Al-Qur’an menyebut sungai Nile dengan nama al-Yamm, sebuah sebutan yang biasa dipakai bangsa arab untuk mendefinisikan sebuah lautan. Maka sungguh sebuah pengagungan yang sangat besar dimana sebuah sungai disebutkan Al-Qur’an setara dengan lautan. Lafadz al-Yamm disebutkan sebanyak enam kali (surat Thaha ayat 39 dan ayat 97, surat al-Qashash ayat 7 dan ayat 40, surat al-A’raf ayat 136, surat adz-Dzariyyat ayat 40) dan seluruhnya mengarah kepada sungai Nile.
Al-Qur’an mengabadikan sungai Nile sebagai penyelamat bagi nabi Musa di masa kecil sebagaimana dalam sebuah ayat
وَأَوْحَيْنَا إِلَى أُمِّ مُوسَى أَنْ أَرْضِعِيهِ فَإِذَا خِفْتِ عَلَيْهِ فَأَلْقِيهِ فِي الْيَمِّ وَلا تَخَافِي وَلا تَحْزَنِي إِنَّا رَادُّوهُ إِلَيْكِ وَجَاعِلُوهُ مِنَ الْمُرْسَلِينَ
“Dan kami ilhamkan kepada ibunya Musa, “Susuilah dia (Musa), dan apabila engkau khawatir terhadapnya maka hanyutkanlah dia ke sungai (Nile), dan janganlah engkau takut dan jangan pula engkau bersedih hati. Sesungguhnya Kami akan mengembalikannya kepadamu, dan menjadikannya salah satu rasul” (Qs al-Qashash ayat 7)
Al-Qur’an mengabadikan sungai Nile sebagai penghancur kaum yang dimurkai Allah ,yaitu Fir’aun yang mengaku sebagai Tuhan dan pengikutnya sebagaimana dalam sebuah ayat
فَانْتَقَمْنَا مِنْهُمْ فَأَغْرَقْنَاهُمْ فِي الْيَمِّ بِأَنَّهُمْ كَذَّبُوا بِآيَاتِنَا وَكَانُوا عَنْهَا غَافِلِينَ
“Maka kami hukum sebagian diantara mereka, lalu Kami tenggelamkan mereka di lautan (sungai Nile) karena mereka mendustakan ayat-ayat Kami dan melalaikan ayat-ayat Kami” (Qs al-A’raf ayat 136)

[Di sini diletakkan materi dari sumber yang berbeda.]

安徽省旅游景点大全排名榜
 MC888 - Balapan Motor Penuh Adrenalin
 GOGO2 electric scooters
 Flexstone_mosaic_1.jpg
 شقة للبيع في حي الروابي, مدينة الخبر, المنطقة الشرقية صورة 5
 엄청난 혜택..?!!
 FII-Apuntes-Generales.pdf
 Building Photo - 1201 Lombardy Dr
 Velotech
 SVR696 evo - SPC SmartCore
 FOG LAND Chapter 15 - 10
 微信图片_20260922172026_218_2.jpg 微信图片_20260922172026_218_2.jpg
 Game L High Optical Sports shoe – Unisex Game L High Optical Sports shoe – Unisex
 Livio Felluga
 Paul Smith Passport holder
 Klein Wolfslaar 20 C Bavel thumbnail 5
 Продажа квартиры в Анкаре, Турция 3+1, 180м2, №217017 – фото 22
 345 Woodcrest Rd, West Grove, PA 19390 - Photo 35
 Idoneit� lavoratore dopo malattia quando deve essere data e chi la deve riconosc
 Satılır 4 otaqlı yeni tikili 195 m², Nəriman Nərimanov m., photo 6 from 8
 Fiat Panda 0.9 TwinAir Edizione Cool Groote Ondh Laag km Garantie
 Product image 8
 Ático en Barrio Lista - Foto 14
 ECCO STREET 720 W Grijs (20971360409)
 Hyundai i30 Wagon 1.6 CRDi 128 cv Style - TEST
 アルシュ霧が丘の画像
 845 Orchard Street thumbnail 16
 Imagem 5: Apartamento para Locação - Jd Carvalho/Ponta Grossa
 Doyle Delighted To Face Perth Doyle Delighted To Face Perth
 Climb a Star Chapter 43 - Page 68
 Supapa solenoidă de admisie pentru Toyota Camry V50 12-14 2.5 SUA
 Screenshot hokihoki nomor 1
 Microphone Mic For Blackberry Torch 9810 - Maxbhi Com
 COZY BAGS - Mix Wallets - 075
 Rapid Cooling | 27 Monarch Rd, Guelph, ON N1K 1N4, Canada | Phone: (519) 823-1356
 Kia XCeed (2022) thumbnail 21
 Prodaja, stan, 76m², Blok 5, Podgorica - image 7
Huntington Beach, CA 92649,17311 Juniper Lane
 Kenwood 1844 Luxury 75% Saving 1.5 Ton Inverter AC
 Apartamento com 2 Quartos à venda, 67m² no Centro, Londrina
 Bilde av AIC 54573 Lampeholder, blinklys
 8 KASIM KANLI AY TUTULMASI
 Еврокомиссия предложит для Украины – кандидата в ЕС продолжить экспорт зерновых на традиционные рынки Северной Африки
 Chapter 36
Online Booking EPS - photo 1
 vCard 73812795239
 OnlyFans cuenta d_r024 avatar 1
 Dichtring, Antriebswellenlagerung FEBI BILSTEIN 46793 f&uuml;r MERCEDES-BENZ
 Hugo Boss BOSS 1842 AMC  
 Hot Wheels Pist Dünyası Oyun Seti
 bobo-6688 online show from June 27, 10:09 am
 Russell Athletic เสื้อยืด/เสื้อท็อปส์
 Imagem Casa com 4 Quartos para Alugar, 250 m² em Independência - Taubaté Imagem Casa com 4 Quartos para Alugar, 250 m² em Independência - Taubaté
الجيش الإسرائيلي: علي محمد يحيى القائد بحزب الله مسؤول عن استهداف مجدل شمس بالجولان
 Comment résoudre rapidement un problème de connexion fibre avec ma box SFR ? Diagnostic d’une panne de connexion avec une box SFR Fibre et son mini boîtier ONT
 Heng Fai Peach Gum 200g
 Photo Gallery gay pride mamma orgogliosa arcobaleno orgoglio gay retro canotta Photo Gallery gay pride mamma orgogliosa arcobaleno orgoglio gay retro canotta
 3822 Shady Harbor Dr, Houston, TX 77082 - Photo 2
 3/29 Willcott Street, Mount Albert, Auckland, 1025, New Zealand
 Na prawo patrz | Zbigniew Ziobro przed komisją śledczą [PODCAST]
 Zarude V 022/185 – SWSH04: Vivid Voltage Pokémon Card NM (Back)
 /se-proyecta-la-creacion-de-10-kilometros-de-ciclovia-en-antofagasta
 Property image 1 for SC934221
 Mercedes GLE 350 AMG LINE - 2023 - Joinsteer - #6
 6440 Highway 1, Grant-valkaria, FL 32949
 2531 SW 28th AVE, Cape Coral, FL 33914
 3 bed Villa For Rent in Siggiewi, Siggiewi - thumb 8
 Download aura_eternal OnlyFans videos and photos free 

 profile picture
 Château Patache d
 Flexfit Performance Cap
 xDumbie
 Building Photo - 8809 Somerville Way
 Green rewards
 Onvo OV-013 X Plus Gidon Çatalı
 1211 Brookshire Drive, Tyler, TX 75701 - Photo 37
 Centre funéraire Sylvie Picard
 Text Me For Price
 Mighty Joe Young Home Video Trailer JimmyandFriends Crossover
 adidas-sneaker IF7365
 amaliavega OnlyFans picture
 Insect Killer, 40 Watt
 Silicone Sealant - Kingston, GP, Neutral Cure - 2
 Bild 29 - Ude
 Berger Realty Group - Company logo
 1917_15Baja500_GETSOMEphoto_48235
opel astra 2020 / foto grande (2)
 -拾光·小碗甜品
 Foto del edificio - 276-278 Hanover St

Al-Qur’an mengabadikan sungai Nile sebagai tempat berakhirnya patung sesembahan yang dibuat oleh Samiri
قَالَ فَاذْهَبْ فَإِنَّ لَكَ فِي الْحَيَاةِ أَنْ تَقُولَ لا مِسَاسَ وَإِنَّ لَكَ مَوْعِدًا لَنْ تُخْلَفَهُ وَانْظُرْ إِلَى إِلَهِكَ الَّذِي ظَلْتَ عَلَيْهِ عَاكِفًا لَنُحَرِّقَنَّهُ ثُمَّ لَنَنْسِفَنَّهُ فِي الْيَمِّ نَسْفًا
Dia (Musa) berkata, “Pergilah kau! Maka sesungguhnya di dalam kehidupan (di dunia) engkau (hanya dapat) mengatakan, “Janganlah menyentuh aku”. Dan engkau pasti mendapatkan (hukuman) yang telah dijanjikan (di akhirat) yang tidak dapat engkau hindari, dan lihatlah tuhanmu itu yang engkau tetap menyembahnya. Kami pasti akan membakarnya, kemudian sungguh Kami akan menghamburkannya (abunya) ke dalam laut (sungai Nile) (Qs. Thaha ayat 97)
Maka cukuplah pujian shahabat Abdullah bin Amr bin Ash sebagai sebuah sanjungan bagi sungai Nile “Sungguh sungai Nile adalah raja seluruh sungai. Allah menundukkan seluruh sungai baik di timur maupun di barat kepadanya. Maka, ketika Allah berkehendak agar sungai Nile mengalir maka Allah menyuruh seluruh sungai untuk memberikan airnya. Dan Allah memancarkan sumber mata air dalam aliran sungai Nile. Maka, ketika sungai Nile telah sampai pada tempat yang Allah kehendaki Dia pun memerintahkan seluruh air untuk kembali ke sumbernya” (kitab Nujum az-Zahirah fi Muluk al-Mishr wal Qahirah vol.1 hal.33).